Ora al di là della posizione “territoriale” del Comitato che rappresenterà pochi, come ci fanno sapere da ambienti del centrodestra,  ma è comunque  cartina di tornasole di una situazione generale della sanità che appare ai limiti del “fuori controllo”,  non è certo riferendosi agli “errori del passato” che si affrontano i problemi e neppure dando la colpa ai computer. In ogni ambito pubblico e privato per mascherare incapacità umane e colpe spesso dei vertici si addossano responsabilità alle macchine che hanno la cattiva abitudine di non potersi difendere.

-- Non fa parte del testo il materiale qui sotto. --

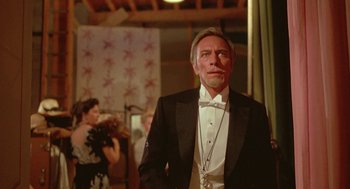 Movie still from “Somewhere in Time” (1980), directed by Jeannot Szwarc – A man in a tuxedo standing next to a woman; Close Up shot, Low angle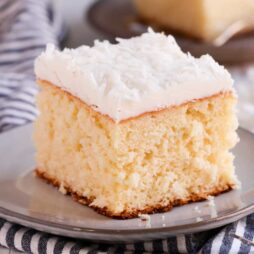 coconut cake with coconut butter cream on a plate
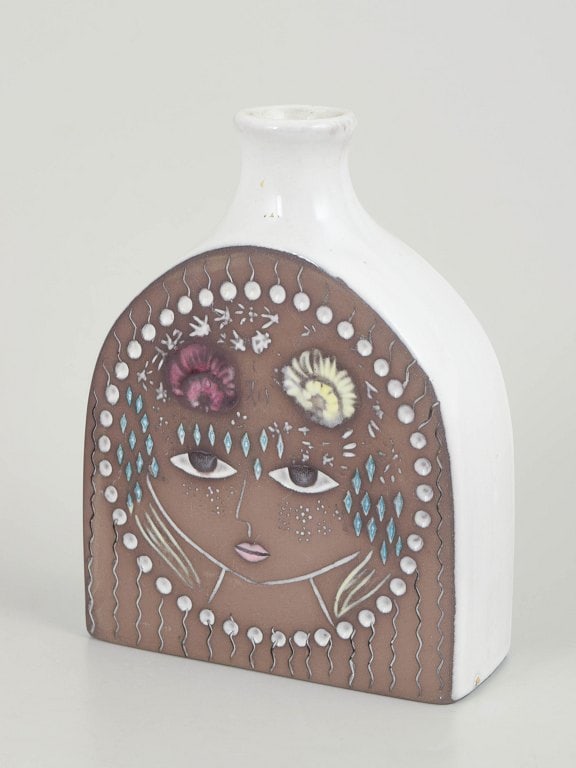 Mari Simmulson for Upsala Ekeby, Sweden. Figurative faience vase with female portrait. Approx.: Mari Simmulson for Upsala Ekeby, vase. Figurative vase with a stylised female portrait decorated with flowers and geometric ornaments in relief and coloured glaze. Origin: Sweden. Designer: Mari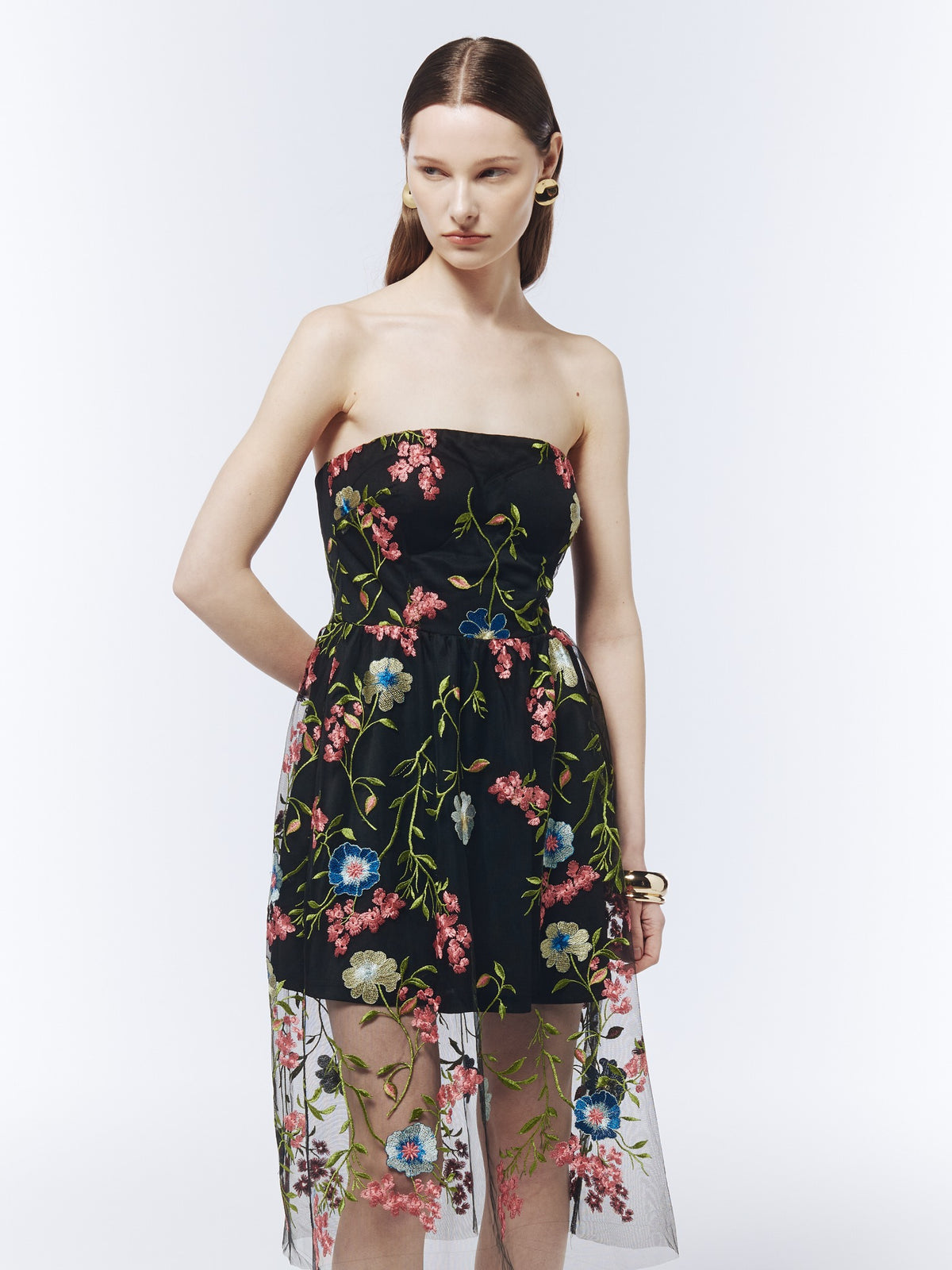 Close-up of the black strapless midi dress showing pink, blue and ivory floral embroidery and the fitted bodice.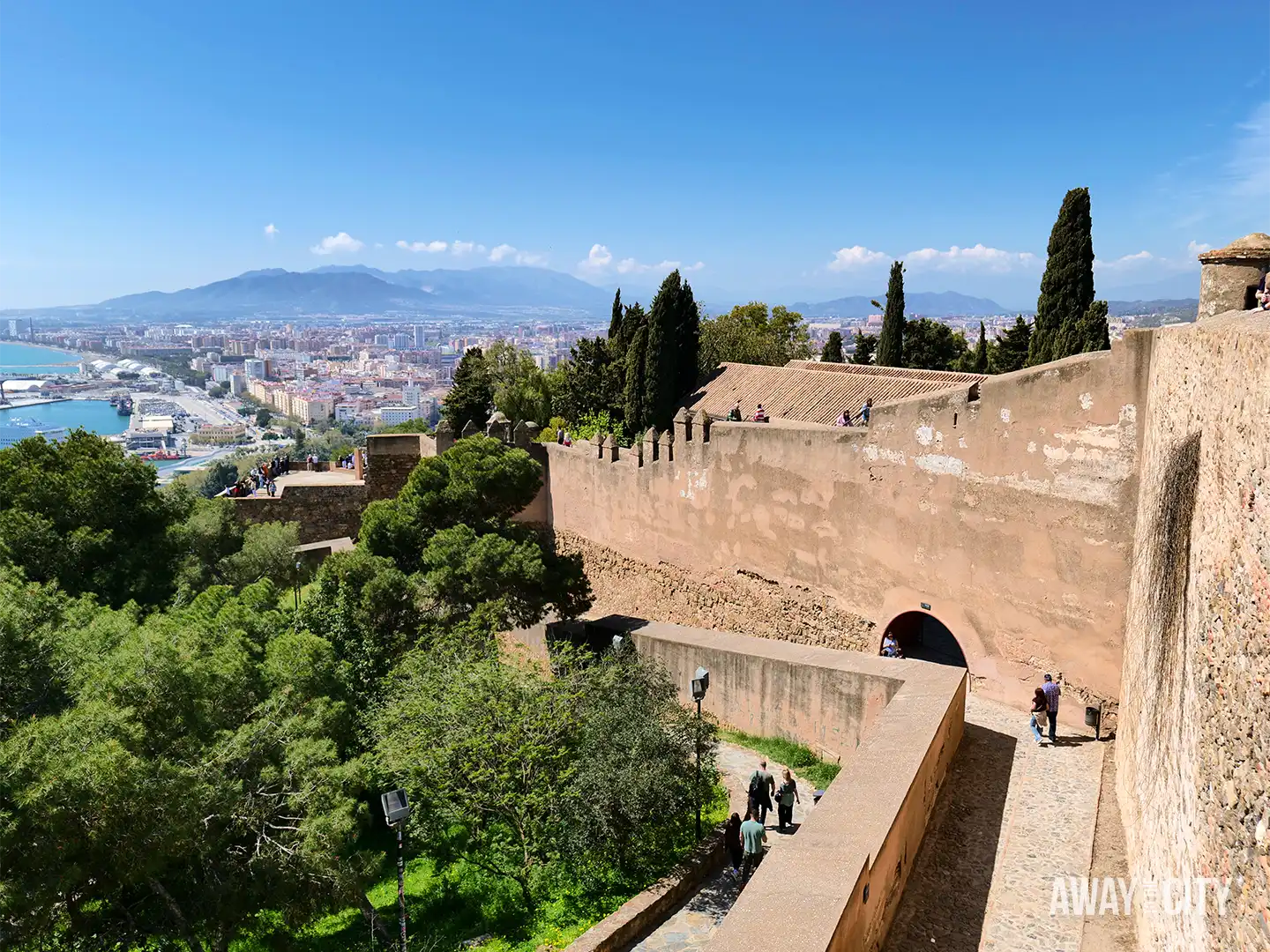 Panoramic view from Castillo de Gibralfaro overlooking Malaga city, harbour and mountains, with cypress trees and visitors along sunlit ramparts.
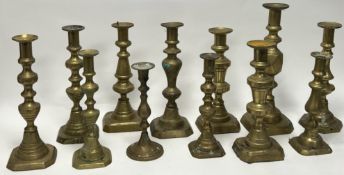 A collection of late 19th and 20thc assorted brass candlesticks, comprising examples with knopped
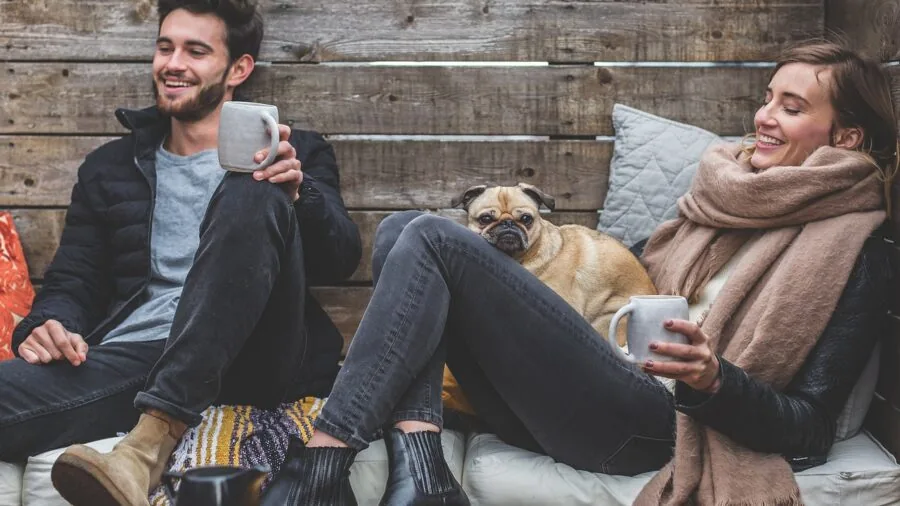 Man in comfortable fleece sweatpants sitting on couch during casual day at home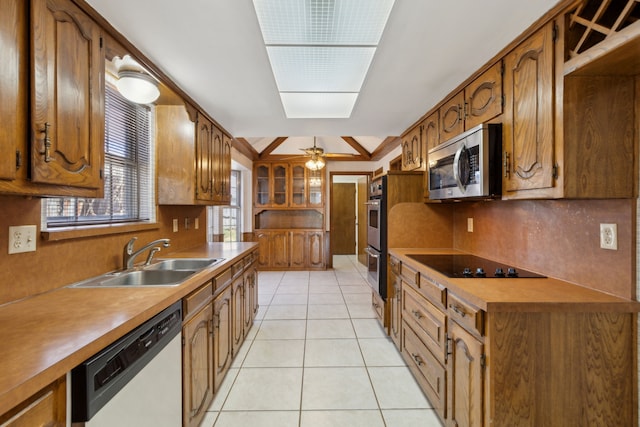 kitchen featuring a sink, brown cabinets, appliances with stainless steel finishes, and light tile patterned floors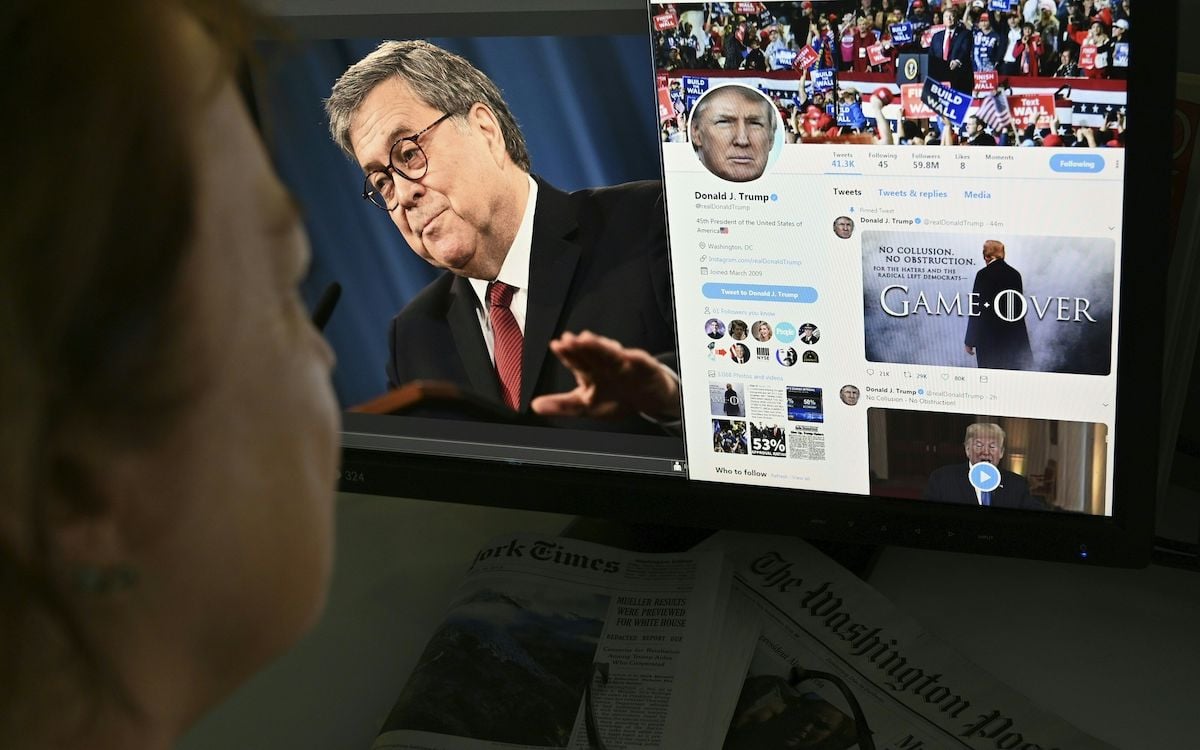 A photo illustration dated April 18, 2019 in Washington, DC shows an editor looking at a photograph of US Attorney General William Barr (L) speaking about the release of the redacted version of the Mueller report, juxtaposed with US President Donald Trump's latest tweet (R) "Game Over," using a "Game of Thrones" style montage that pictures him standing in dramatic fog.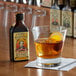 A glass of King Floyd's Barrel Aged Aromatic Bitters next to a glass of brown liquid with an orange slice.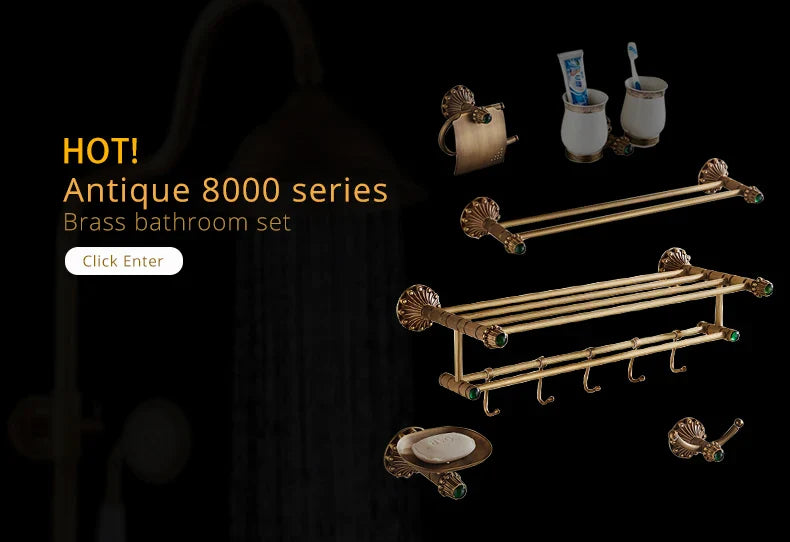 Antique brass bathtub shower set with ornate shell-shaped ends and green gemstone accents for bathroom use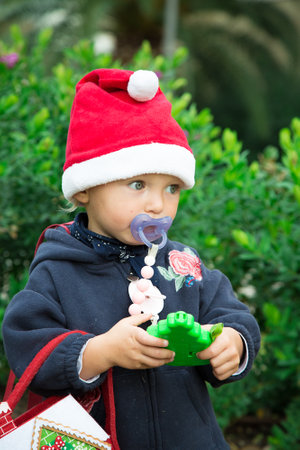 Baby girl dressed for Christmas walks outdoors with green trees behind. Red hat, blue coat, felt bag, green toy in hands. New year tree. Holiday concept. Day light portrait. Caucasian blue eye babyの写真素材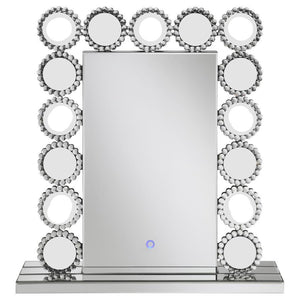  this table mirror offers a dramatic statement piece for bed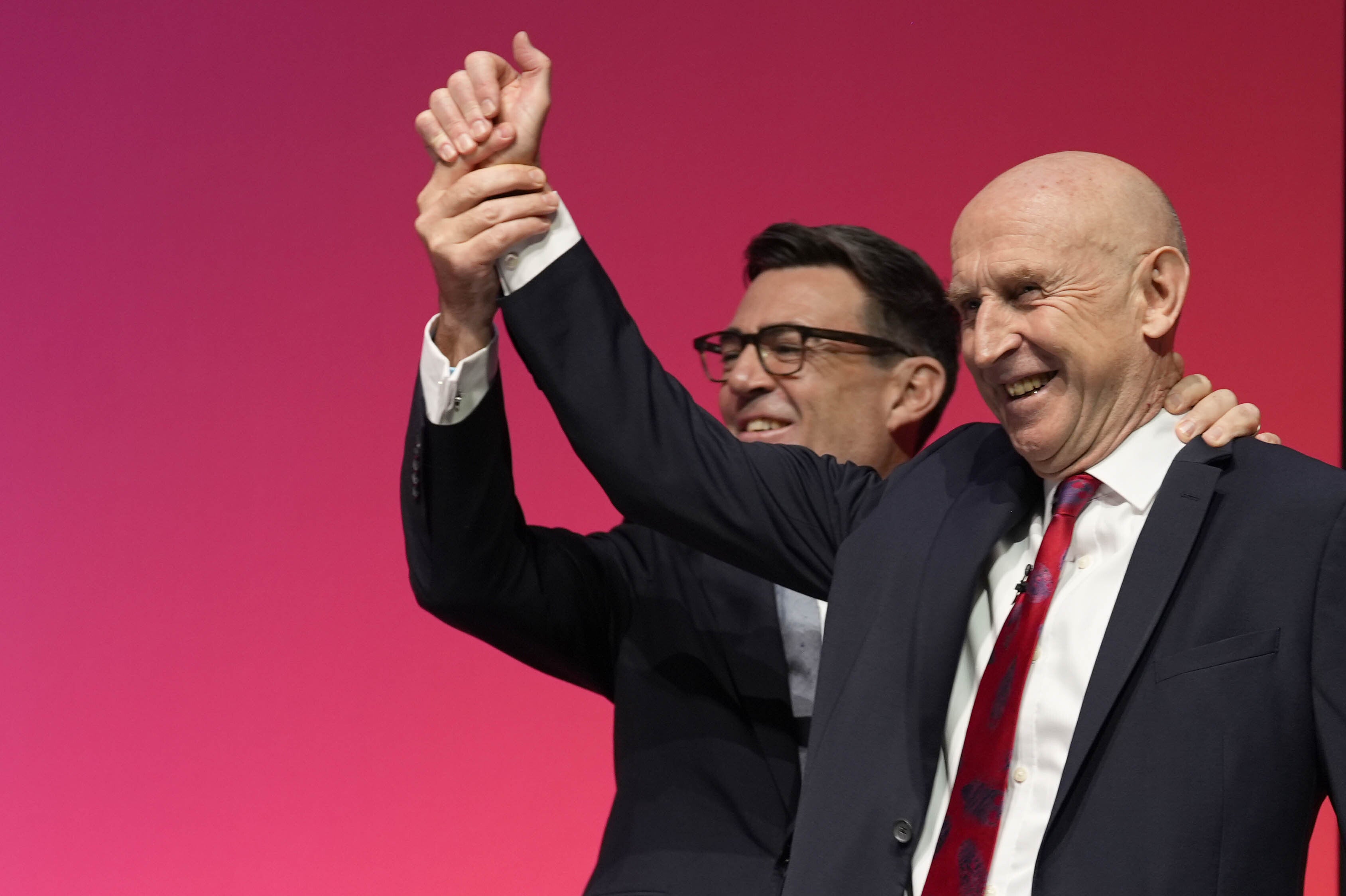 Andy Burnham with Chancellor John Healey during the Labour Party conference in Liverpool (Peter Byrne/PA)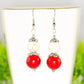 Red and White Howlite Dangle Earrings displayed on a tea cup.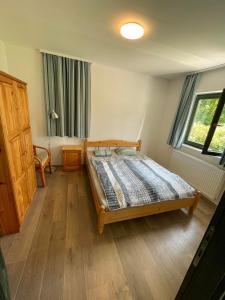 a bedroom with a wooden bed in a room at Agroger Üdülő in Balatonudvari +22 photos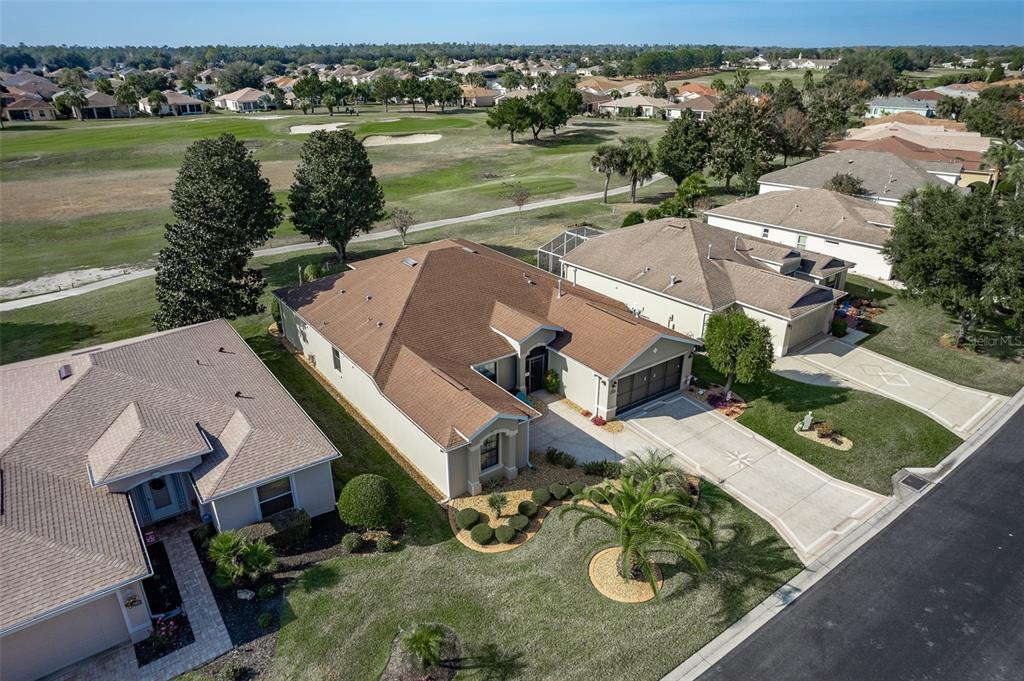 16222 Southwest 14th Avenue Road Ocala, FL 34473 - Photo 54 of 61 an aerial view of a house with outdoor space and lake view
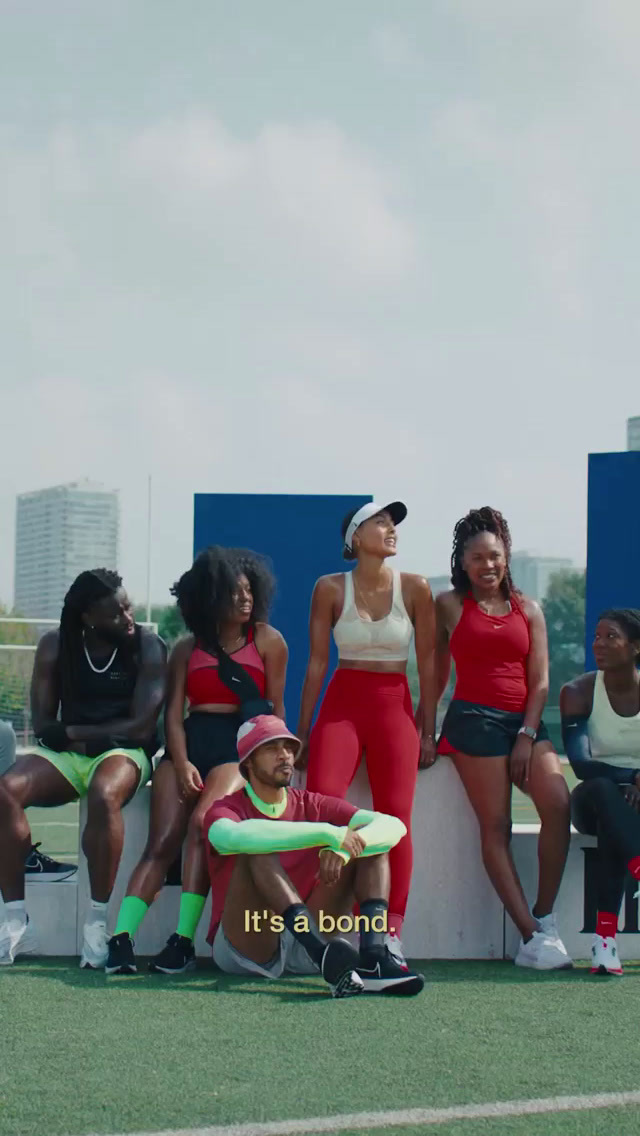 a group of women sitting next to each other on a field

Così appare risibile la tesi riccardiana secondo cui per la centrale operativa del Soros “Il vero problema legato al malfunzionamento della Sala operativa regionale dell’emergenza sanitaria è dovuto all’utilizzo di una dotazione tecnologica non conforme alle necessità del sistema, problema dal quale derivano una serie di altre inefficienze….”.

Forse ascoltare di più chi in quei sistemi opera potrebbe lenire i problemi perchè c’è il rischio che no basti il generico “siamo già al lavoro al fine di sostituire quel materiale inadeguato con il quale il Sores ha iniziato la sua attività” perchè c’è il rischio che nel frattempo le persone, triestine e non, possano morire.